I always read multiple books at once: the challenge is finishing them! Right now, depending on the time and place, you might find me dipping into Reality Hunger by David Shields, The Radzestky March by Joseph Roth, Cooper Cars by Doug Nye, The Ask by Sam Lipsyte …
What book do you always recommend?
Geek Love by Katherine Dunn. If you haven’t read it, you should. I’m not going to say anything more than that.
What book are you most looking forward to?
I haven’t yet had a chance to read the new David Mitchell, The Thousand Autumns Of Jacob De Zoet; and I might have to read Justin Cronin’s The Passage to see if it lives up to all the hype.
What book made you wonder what all the fuss was about?
I’m not going the revisit the one a few years back that I gave a really scathing two-star review to and it went on to win the Miles Franklin … I admit I never got very far with Life of Pi; and I seem to be the only person in the world who really (really!) disliked The Girl with the Dragon Tattoo.
What’s the best book you’ve read that no-one’s ever heard of?
Lipstick Traces: A Secret History of the Twentieth Century by Greil Marcus. After finding it literally by accident (I plucked it out of the returns pile at the suburban Canberra bookshop I was working at in 1989), it was truly mind-expanding and life-changing for me. It’s a book that’s ostensibly about music, and particularly about how punk draws on a number of earlier avant-garde movements, but it’s also the book that introduced me to Guy Debord and the Situationists, and which really shaped the way I think about culture, politics, art, music and all that stuff.
Obligatory desert island question—which book would you want with you?
If it was the only book available, maybe I’d finally get around to finishing all the snippets of Walter Benjamin’s Arcades Project.

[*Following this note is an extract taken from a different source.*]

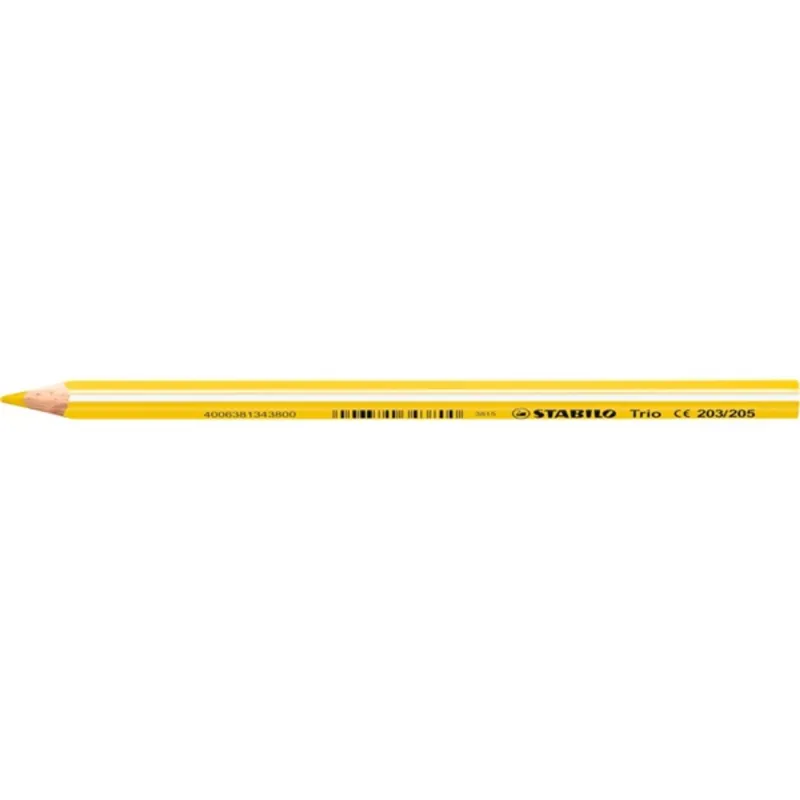 Stabilo Trio thick 203/205 sárga vastag színes ceruza Stabilo Trio thick 203/205 sárga vastag színes ceruza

For some strange reason, my ‘comfort book’ has been The Andy Warhol Diaries, I couldn’t count how many times I’ve pulled it off the shelf and re-read parts of it over the past 20 years.
Is there a book you’ve bought for the cover?
Loads! Most recently, Wristwatches: History Of A Century’s Development by Helmut Kahlert et al (Schiffer). I saw an old copy in the window of a second-hand bookshop and almost bought it for an extortionate price, but then found out a revised and updated edition was still in print and bought that (for a slightly less extortionate price).
Hardback, paperback or digital?
e) all of the above. It’s the words that are important, not the container they’re in. Although having said that, I’m finding I’m reading quite a lot on my iPhone.
If I were a literary character I’d be…
Hmmm, that’s a tough one, can I be an amalgam of many characters? A bit Charles Ryder (from Brideshead Revisited), a bit Bernardo Soares (from Pessoa’s Book of Disquiet), a bit Troppmann (from Bataille’s Blue of Noon), a bit Tom Ripley (from Patricia Highsmith’s novels), a bit Bernie Gunther (from Philip Kerr’s Berlin novels), with some Sal Paradise (Kerouac’s alter-ego in On the Road) and James Bond fantasies thrown in for good measure …
The best thing about books is…
They help you avoid eye-contact with strangers on public transport.